►

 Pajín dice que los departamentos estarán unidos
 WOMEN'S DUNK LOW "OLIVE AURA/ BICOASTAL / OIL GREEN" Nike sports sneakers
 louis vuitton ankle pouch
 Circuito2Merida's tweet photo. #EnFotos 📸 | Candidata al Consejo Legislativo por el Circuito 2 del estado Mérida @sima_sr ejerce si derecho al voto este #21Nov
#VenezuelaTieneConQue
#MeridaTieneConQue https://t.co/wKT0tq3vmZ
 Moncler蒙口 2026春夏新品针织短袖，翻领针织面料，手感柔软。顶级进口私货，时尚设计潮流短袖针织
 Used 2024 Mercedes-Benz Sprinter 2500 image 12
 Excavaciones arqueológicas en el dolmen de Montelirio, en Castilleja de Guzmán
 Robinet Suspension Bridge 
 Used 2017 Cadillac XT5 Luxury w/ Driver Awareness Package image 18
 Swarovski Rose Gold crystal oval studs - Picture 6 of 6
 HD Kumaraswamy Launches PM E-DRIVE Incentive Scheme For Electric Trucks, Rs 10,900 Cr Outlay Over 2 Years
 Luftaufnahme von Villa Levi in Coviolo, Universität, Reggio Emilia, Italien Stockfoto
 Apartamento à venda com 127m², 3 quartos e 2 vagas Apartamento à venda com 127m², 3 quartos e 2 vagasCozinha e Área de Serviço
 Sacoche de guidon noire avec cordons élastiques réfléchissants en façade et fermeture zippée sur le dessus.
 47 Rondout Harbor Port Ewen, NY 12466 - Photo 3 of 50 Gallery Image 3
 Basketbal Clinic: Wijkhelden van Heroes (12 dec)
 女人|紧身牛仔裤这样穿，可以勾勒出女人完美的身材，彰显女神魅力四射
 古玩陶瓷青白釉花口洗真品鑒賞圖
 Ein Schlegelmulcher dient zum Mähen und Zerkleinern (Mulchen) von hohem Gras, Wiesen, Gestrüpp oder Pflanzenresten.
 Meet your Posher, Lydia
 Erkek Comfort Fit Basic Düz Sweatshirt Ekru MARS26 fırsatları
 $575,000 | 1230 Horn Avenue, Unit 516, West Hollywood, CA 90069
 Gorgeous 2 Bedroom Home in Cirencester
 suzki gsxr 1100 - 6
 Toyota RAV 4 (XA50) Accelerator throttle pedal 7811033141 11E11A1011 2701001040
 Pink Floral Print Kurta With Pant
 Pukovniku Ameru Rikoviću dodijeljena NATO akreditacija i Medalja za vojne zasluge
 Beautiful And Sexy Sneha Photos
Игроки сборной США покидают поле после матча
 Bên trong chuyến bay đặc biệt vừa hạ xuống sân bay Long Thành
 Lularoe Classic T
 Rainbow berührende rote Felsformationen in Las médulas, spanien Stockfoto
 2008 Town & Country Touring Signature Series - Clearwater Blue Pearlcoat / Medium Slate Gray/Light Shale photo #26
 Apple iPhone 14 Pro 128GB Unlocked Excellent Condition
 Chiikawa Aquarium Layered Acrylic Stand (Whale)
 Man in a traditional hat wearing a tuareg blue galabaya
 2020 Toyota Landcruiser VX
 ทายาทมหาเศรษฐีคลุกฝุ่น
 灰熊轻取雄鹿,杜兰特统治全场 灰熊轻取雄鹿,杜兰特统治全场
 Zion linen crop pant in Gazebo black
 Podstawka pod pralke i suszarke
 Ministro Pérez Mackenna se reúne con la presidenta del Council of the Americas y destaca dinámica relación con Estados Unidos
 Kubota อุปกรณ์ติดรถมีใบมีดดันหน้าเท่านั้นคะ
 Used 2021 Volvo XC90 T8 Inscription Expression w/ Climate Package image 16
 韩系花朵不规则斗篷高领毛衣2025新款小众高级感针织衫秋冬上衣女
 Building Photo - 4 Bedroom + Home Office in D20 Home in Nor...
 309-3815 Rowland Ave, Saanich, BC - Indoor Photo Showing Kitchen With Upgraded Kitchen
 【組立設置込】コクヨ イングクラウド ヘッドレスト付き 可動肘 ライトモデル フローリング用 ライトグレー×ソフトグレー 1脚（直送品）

◄

From the first line to the last, reproduce the data exactly.

 Pajín dice que los departamentos estarán unidos
 WOMEN'S DUNK LOW "OLIVE AURA/ BICOASTAL / OIL GREEN" Nike sports sneakers
 louis vuitton ankle pouch
 Circuito2Merida's tweet photo. #EnFotos 📸 | Candidata al Consejo Legislativo por el Circuito 2 del estado Mérida @sima_sr ejerce si derecho al voto este #21Nov
#VenezuelaTieneConQue
#MeridaTieneConQue https://t.co/wKT0tq3vmZ
 Moncler蒙口 2026春夏新品针织短袖，翻领针织面料，手感柔软。顶级进口私货，时尚设计潮流短袖针织
 Used 2024 Mercedes-Benz Sprinter 2500 image 12
 Excavaciones arqueológicas en el dolmen de Montelirio, en Castilleja de Guzmán
 Robinet Suspension Bridge 
 Used 2017 Cadillac XT5 Luxury w/ Driver Awareness Package image 18
 Swarovski Rose Gold crystal oval studs - Picture 6 of 6
 HD Kumaraswamy Launches PM E-DRIVE Incentive Scheme For Electric Trucks, Rs 10,900 Cr Outlay Over 2 Years
 Luftaufnahme von Villa Levi in Coviolo, Universität, Reggio Emilia, Italien Stockfoto
 Apartamento à venda com 127m², 3 quartos e 2 vagas Apartamento à venda com 127m², 3 quartos e 2 vagasCozinha e Área de Serviço
 Sacoche de guidon noire avec cordons élastiques réfléchissants en façade et fermeture zippée sur le dessus.
 47 Rondout Harbor Port Ewen, NY 12466 - Photo 3 of 50 Gallery Image 3
 Basketbal Clinic: Wijkhelden van Heroes (12 dec)
 女人|紧身牛仔裤这样穿，可以勾勒出女人完美的身材，彰显女神魅力四射
 古玩陶瓷青白釉花口洗真品鑒賞圖
 Ein Schlegelmulcher dient zum Mähen und Zerkleinern (Mulchen) von hohem Gras, Wiesen, Gestrüpp oder Pflanzenresten.
 Meet your Posher, Lydia
 Erkek Comfort Fit Basic Düz Sweatshirt Ekru MARS26 fırsatları
 $575,000 | 1230 Horn Avenue, Unit 516, West Hollywood, CA 90069
 Gorgeous 2 Bedroom Home in Cirencester
 suzki gsxr 1100 - 6
 Toyota RAV 4 (XA50) Accelerator throttle pedal 7811033141 11E11A1011 2701001040
 Pink Floral Print Kurta With Pant
 Pukovniku Ameru Rikoviću dodijeljena NATO akreditacija i Medalja za vojne zasluge
 Beautiful And Sexy Sneha Photos
Игроки сборной США покидают поле после матча
 Bên trong chuyến bay đặc biệt vừa hạ xuống sân bay Long Thành
 Lularoe Classic T
 Rainbow berührende rote Felsformationen in Las médulas, spanien Stockfoto
 2008 Town & Country Touring Signature Series - Clearwater Blue Pearlcoat / Medium Slate Gray/Light Shale photo #26
 Apple iPhone 14 Pro 128GB Unlocked Excellent Condition
 Chiikawa Aquarium Layered Acrylic Stand (Whale)
 Man in a traditional hat wearing a tuareg blue galabaya
 2020 Toyota Landcruiser VX
 ทายาทมหาเศรษฐีคลุกฝุ่น
 灰熊轻取雄鹿,杜兰特统治全场 灰熊轻取雄鹿,杜兰特统治全场
 Zion linen crop pant in Gazebo black
 Podstawka pod pralke i suszarke
 Ministro Pérez Mackenna se reúne con la presidenta del Council of the Americas y destaca dinámica relación con Estados Unidos
 Kubota อุปกรณ์ติดรถมีใบมีดดันหน้าเท่านั้นคะ
 Used 2021 Volvo XC90 T8 Inscription Expression w/ Climate Package image 16
 韩系花朵不规则斗篷高领毛衣2025新款小众高级感针织衫秋冬上衣女
 Building Photo - 4 Bedroom + Home Office in D20 Home in Nor...
 309-3815 Rowland Ave, Saanich, BC - Indoor Photo Showing Kitchen With Upgraded Kitchen
 【組立設置込】コクヨ イングクラウド ヘッドレスト付き 可動肘 ライトモデル フローリング用 ライトグレー×ソフトグレー 1脚（直送品）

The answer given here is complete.